As Americans, it is sometimes difficult to look at our own history with honesty. It is often said that the “original sin” of America is slavery, but I think we must grapple with the actuality that there are two essentially economic-based social and cultural wounds at the heart of the American project. First, there is the forced dispossession of the people who were on the land itself, and second, the forced migration and enslavement of Africans for the benefit of white Americans and their economic development. We must learn as much as we can about the history of the last five hundred years in North America in an unromanticized, clear-eyed effort to fully comprehend what our forebears did in the course of creating the American dream all of us are allowed thereby to enjoy. The truth in all its complexity should serve as counterweight to the false narratives and self-serving images we choose to live by, all created as a form of ongoing social control.

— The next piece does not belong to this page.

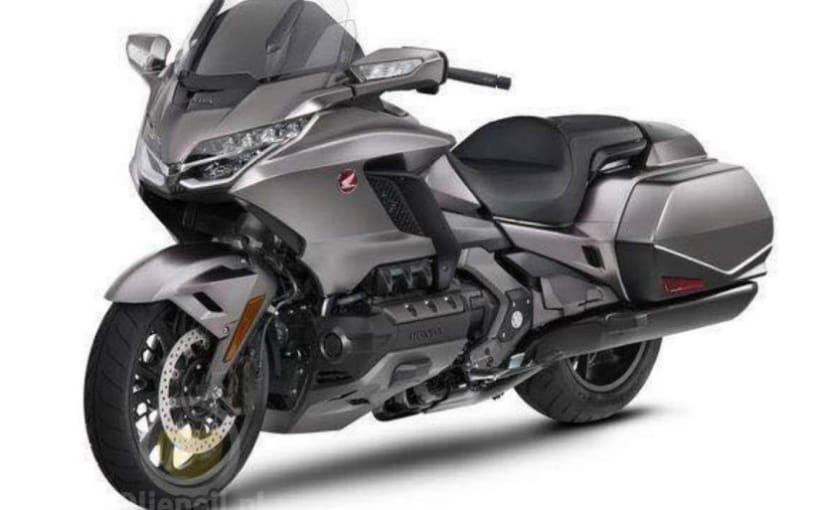 2018 honda gold wing leaked image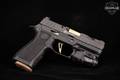 2021 Sig Sauer P320 X-Carry Custom Works 9mm Luger (9x19 Para) Black in Very Good Condition Image 3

Indigenous people have survived despite the many attempts to extirpate them or to forcibly transform and bend their cultures into the conquerors’ image of what “civilization” looks like. Still, the traumatic effects of conquest need to be recognized, acknowledged and repaired and it would be no small thing to recognize formally that a genocide was in play, with all the social and political results that term carries with it. This book and presumably the subsequent volume in Ostler’s work, should help us move in that direction.

The book is well written, hard to put down and completely engrossing; its authoritative and well-researched approach makes it a powerful document and well worth your time to read.

I’m grateful for Jeffrey Ostler for taking the time to talk to me about this book and for Yale University Press for alerting me to it.

Jeffrey Ostler is Beekman Professor of Northwest and Pacific History at the University of Oregon and the author of The Lakotas and the Black Hills and The Plains Sioux and U.S. Colonialism from Lewis and Clark to Wounded Knee.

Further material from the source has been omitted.